Historiquement, les droits voisins du droit d’auteur sont nés de l’apparition de nouvelles techniques d’enregistrement et de diffusion des œuvres dans le domaine de la musique et de la vidéo. La prestation artistique de l’artiste interprète et les investissements des producteurs et des diffuseurs d’une œuvre ont appelé une protection juridique de leurs droits, enrichissant ainsi le droit de la propriété littéraire et artistique.

Les droits voisins ont été reconnus au plan international avec la Convention de Rome du 26 octobre 1961 ; ils ont été consacrés en droit français par la loi n° 85‑660 du 3 juillet 1985 relative au droit d’auteur et aux droits des artistes‑interprètes, des producteurs de phonogrammes et de vidéogrammes et des entreprises de communication audiovisuelle qui accorde ce droit aux professionnels cités dans le titre de la loi.

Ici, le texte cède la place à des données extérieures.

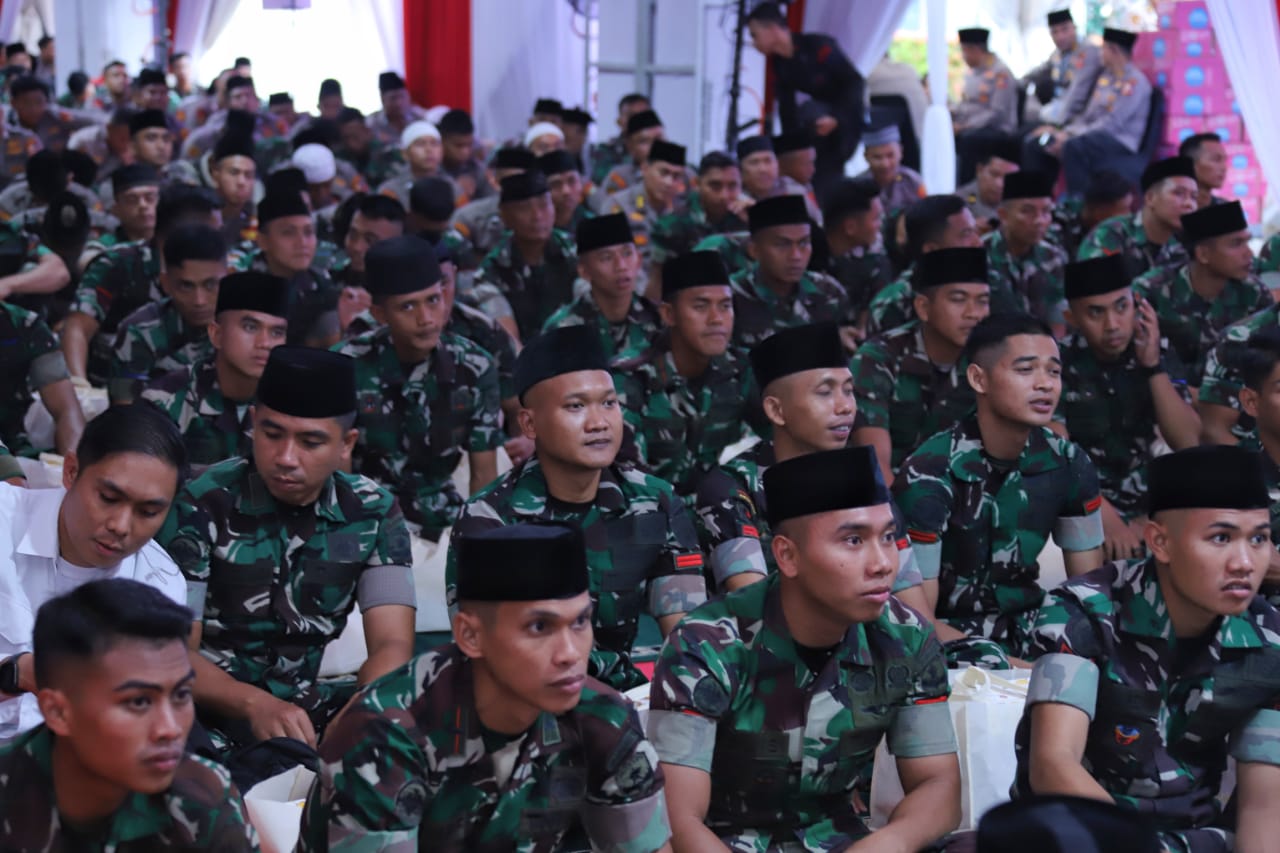 20250317 Buka Puasa Ramadan Bersama TNI Polri 1446 H15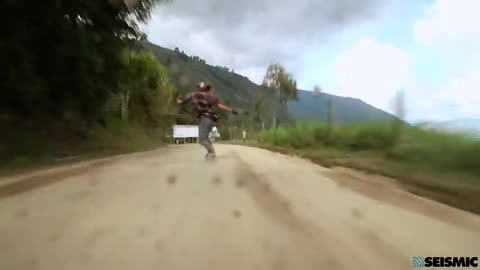 Colombian Mountain Madness __ Raw Run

S’agissant du monde de la presse, l’essor des plateformes numériques a bouleversé un secteur qui avait pour socle le papier. Il est dès lors devenu impossible de faire respecter le droit d’auteur dans un environnement numérique contrôlé par des plateformes qui niaient le droit de la propriété intellectuelle. Dans les faits, les agences et les éditeurs de presse, cessionnaires du droit d’auteur que les journalistes possèdent sur leurs œuvres, se trouvaient dans l’incapacité matérielle d’autoriser ou d’interdire la reproduction ou mise à disposition de leurs contenus par le biais de cet outil.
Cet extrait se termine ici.